Incomplete Documentation of Narcotic Administration on MAR
Penalty
Summary
The deficiency involves the facility’s failure to maintain complete and accurate medical records in accordance with accepted professional standards for one resident. Review of the resident’s April 2026 Medication Administration Record (MAR) and the Controlled Drug Administration Record showed multiple discrepancies for Hydromorphone, a narcotic medication.

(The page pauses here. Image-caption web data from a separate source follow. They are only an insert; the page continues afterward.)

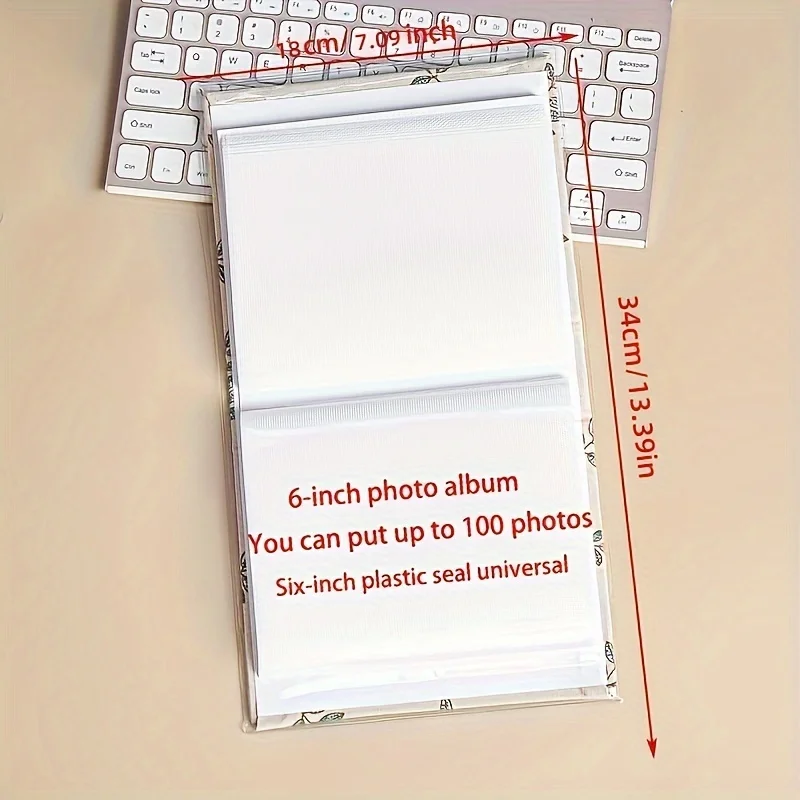 Álbum de fotos de 6 pulgadas con 100 hojas, capacidad de momentos memorables, libro de recuerdos tipo inserción de amor rojo, libro de recuerdos de recuerdo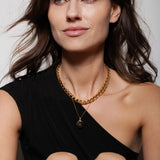 heroyne Curb Collier 18k Gold plated Initial Disc Necklace 1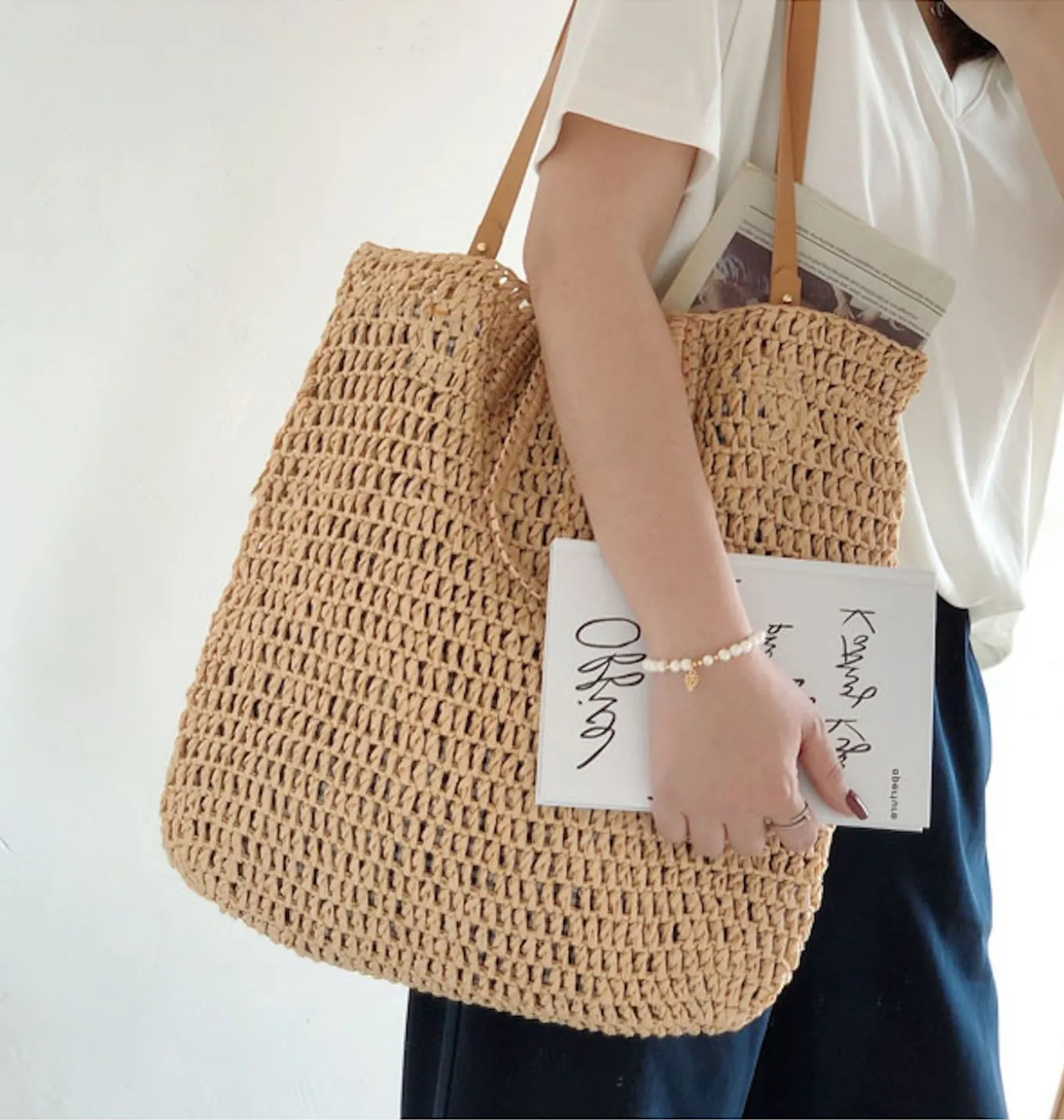 Elena Handbags Minimalistic Straw Woven Tote Bag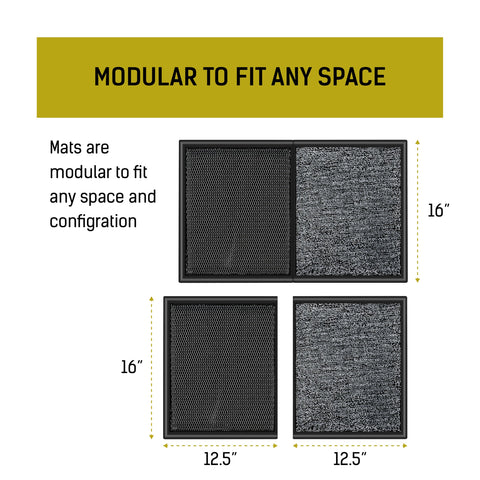 LOSTRONAUT 25x16 floor mat provides roomy coverage and a versatile doorway fit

On several specific dates in April, the Controlled Drug Administration Record documented that Hydromorphone doses were signed out and given by licensed nursing staff at various times, but the corresponding MAR entries for those same dates and times were left blank, indicating no documentation of administration on the MAR. During interviews, an LPN stated that they sign out the medication on the narcotic sheet but do not document it on the MAR. The DON acknowledged awareness that nurses were signing off on the narcotic sheet but not on the MAR, and a unit manager reported not being aware that nurses were failing to sign the MAR when also signing the narcotic sheet, stating that documentation should occur on both records. The NHA and DON later stated they were not aware of the concern until it was identified by the surveyor and agreed with the findings. These observations and interviews demonstrate that the facility did not ensure that all medication administrations were consistently and accurately documented on the MAR for this resident.